Tengo una gripe que no se la deseo ni a Donald Trump, aunque concuerdo con quien diga que merece cosas peores. “La quebrantahuesos”, como la llaman por ahí, es una de esas gripes que te tumban en cama no menos de cinco días con fiebre, malestar general, dolor en las articulaciones y una sensación de que una aplanadora te pasó por encima. Pero confieso que nunca me he gozado tanto una peste de esas como la actual, y es gracias a ella que conocí al enfermero más divertido del mundo: mi hijo Miguelito.
“Papá, cómete toda la sopa que te hizo mami… no dejes ni un poquito”, dice con el dedito índice levantado. “Papá, tómate el agua. Mamá dice que tienes que tomar mucho líquido”, advierte cada quince minutos con un nuevo vaso de agua recién servido. “Creo que tienes fiebre papá. Voy a buscar el `centímetro´ para medirte la fiebre”, y se lanza corriendo a buscar el termómetro mientras me da un ataque de risa con tos. Lo mejor de mi gripe es haber conocido las primeras muestras de empatía de Miguel a sus cinco años. ¡Mucho gusto señora “Empatía”!
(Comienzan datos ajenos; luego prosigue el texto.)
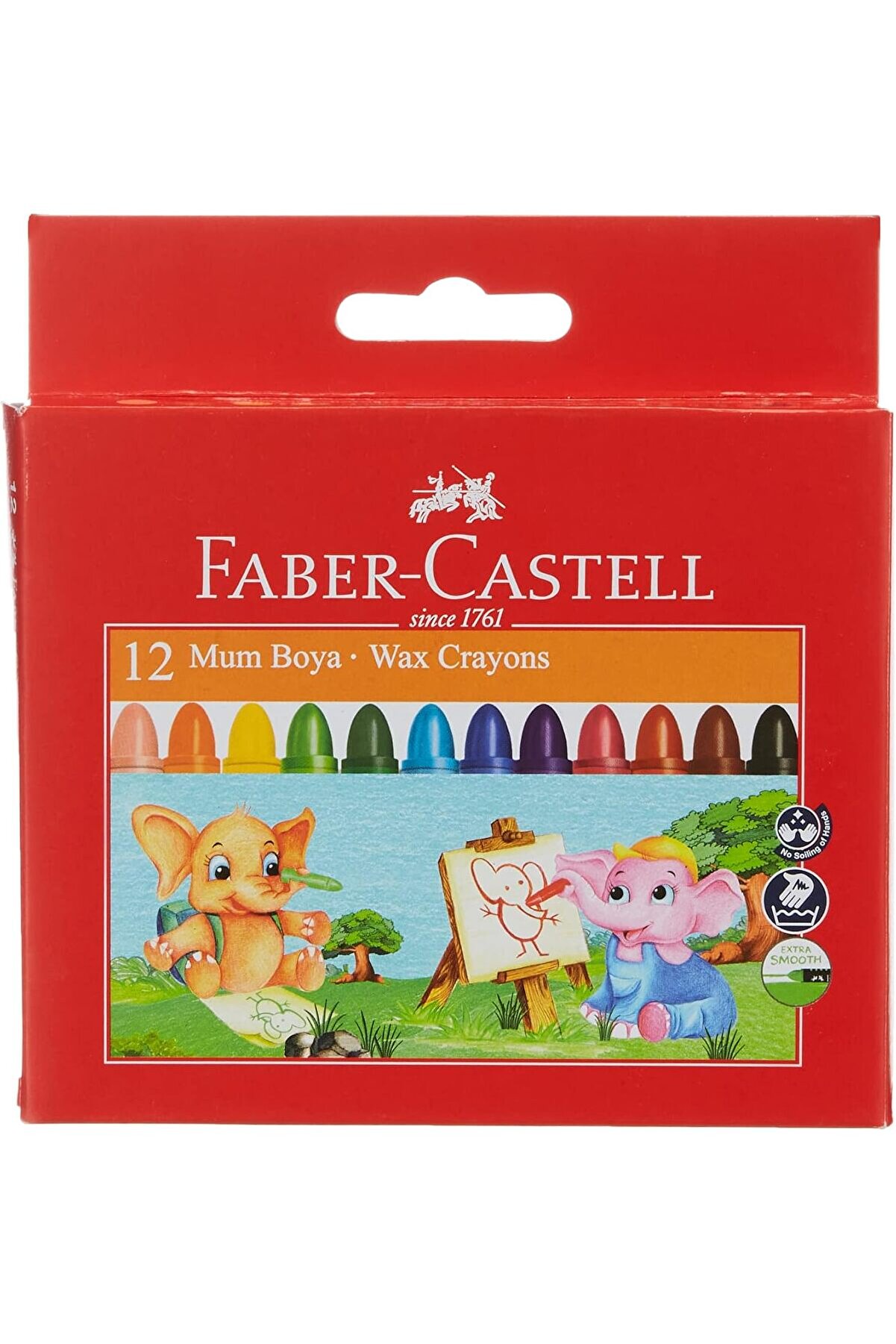 STOREMAX modashine Süper Yıkanabilir Mum, 12 Renk, Leke Bırakmaz, Boy, Parlak ve Yoğun Renkler modascope 1014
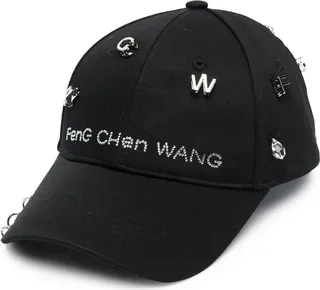 Logo-Lettering Baseball Cap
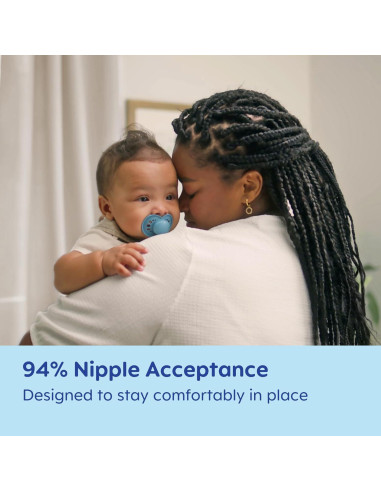 Chupetes MAM Original Mate 4 Unidades 16+ Meses Silicona BPA Free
La empatía es esa capacidad que desarrollamos los seres humanos para colocarnos en el lugar de los demás, es decir, es la condición de poder percibir lo que otros sienten y en consecuencia de ello, actuamos con las consideraciones del caso. Lamentablemente la empatía no es hereditaria, no nace por generación espontánea ni viene en tutoriales de youtube. La empatía se aprende, y no hay otra forma más fácil de aprender que siguiendo un ejemplo.
Para desarrollar la empatía en los niños es fundamental que los adultos que los rodean les orienten desde sus primeros años de vida. A partir de los cuatro años los chamos entran en un proceso en el cual se van enterando cómo se sienten los demás, y desde los seis, comienzan a comprender que los otros tienen una historia propia, diferente a la de ellos. Desde los diez, son capaces de ponerse en el lugar de otros e incluso comprender en qué está pensando y cómo está sintiendo esa otra persona.
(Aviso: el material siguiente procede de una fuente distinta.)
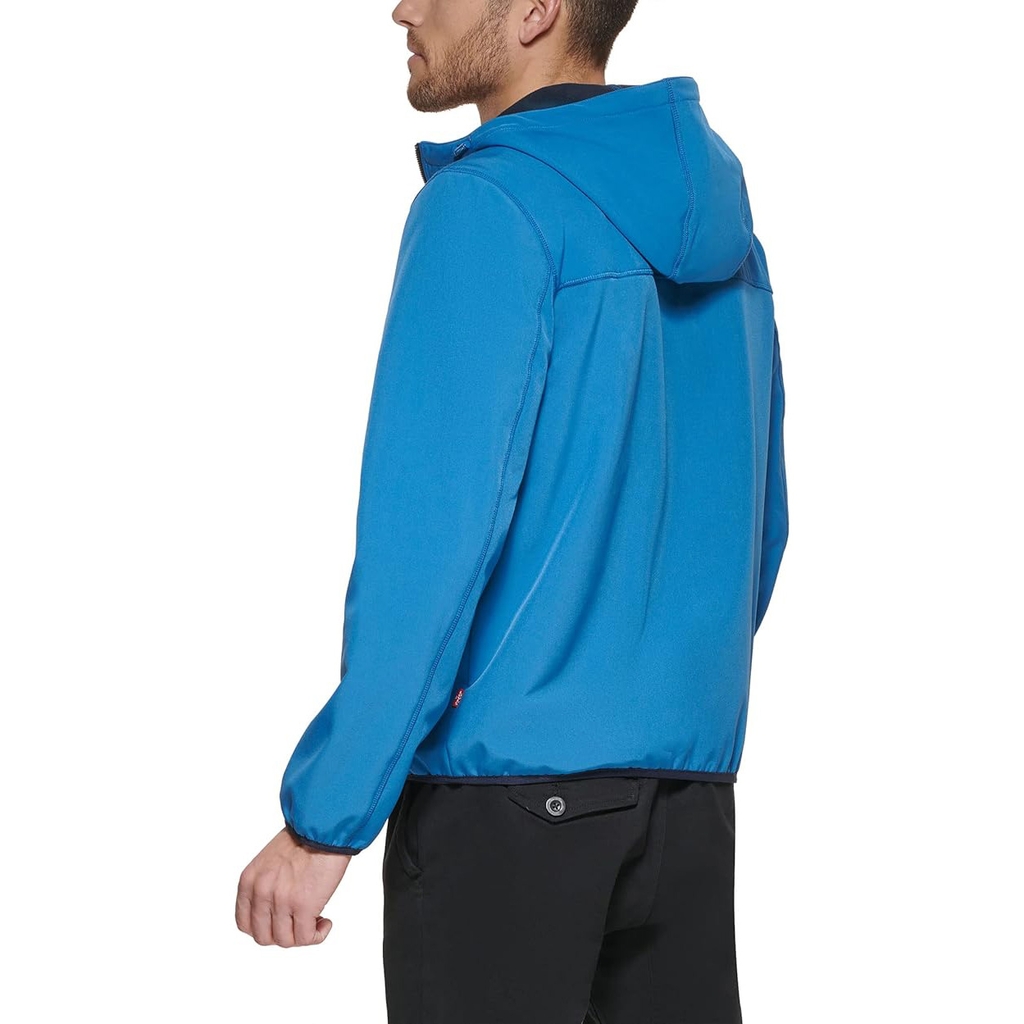 Áo Khoác Levi's Chính Hãng - Water-Resistant Soft Shell Active Hooded Jacket - Màu Xanh | JapanSport LM2MP157-blu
Para este difícil proceso existen algunas fórmulas que nos pueden ayudar para hacer que tus hijos sean empáticos, que tengan una autoestima fuerte y desarrollen sus afectos. Es preciso enseñarles a escuchar a los demás y esperar su turno para hablar, conversar acerca de cómo te sientes ante algún evento emotivo o sentimental y mostrarle con hechos las bondades de prestar atención a quien les habla. Los resultados, no se harán esperar.
Seguid el ejemplo…
La mejor noticia que puede haber sobre la empatía, es que nunca es tarde para aprenderla y ponerla en práctica. Como padres que pensamos en formar seres humanos mejores que nosotros, debemos activarnos como entes empáticos para que nuestros hijos nos imiten y nos usen como referencia moral de su desarrollo emocional.
Ser empático no tiene nada que ver con eso de tratar a los demás como quieres ser tratado, por el contrario, se debe intentar acercarse tanto a la otra persona como para tratarla como a ella misma le gustaría ser tratada. No es sentir lo que otro siente, sino entender ese sentimiento y actuar de manera afortunada, sin daños que lamentar.
Para los adultos también hay algunos tips para mejorar la empatía, que pasan por la observación del otro, tratar de experimentar sus vivencias e internalizarlas, evitar juzgar a priori a los demás y tratar de ser más fino a la hora de decir las cosas más pesadas. En poco tiempo te darás cuenta de que lo haces automáticamente sin alterar para nada tu personalidad. Por el contrario, la empatía nos convierte en mejores seres humanos.
Un ejemplo de un ser sin empatía es Donald Trump, además de muchos otros desórdenes psicológicos que no son tema de esta columna. Vernos en ese ejemplo nos hará querer mejorar. Mientras el Miguelito me sigue reparando de esta gripe “quebrantahuesos”, me doy por satisfecho de estar formando mejores personas para que construyan este mundo.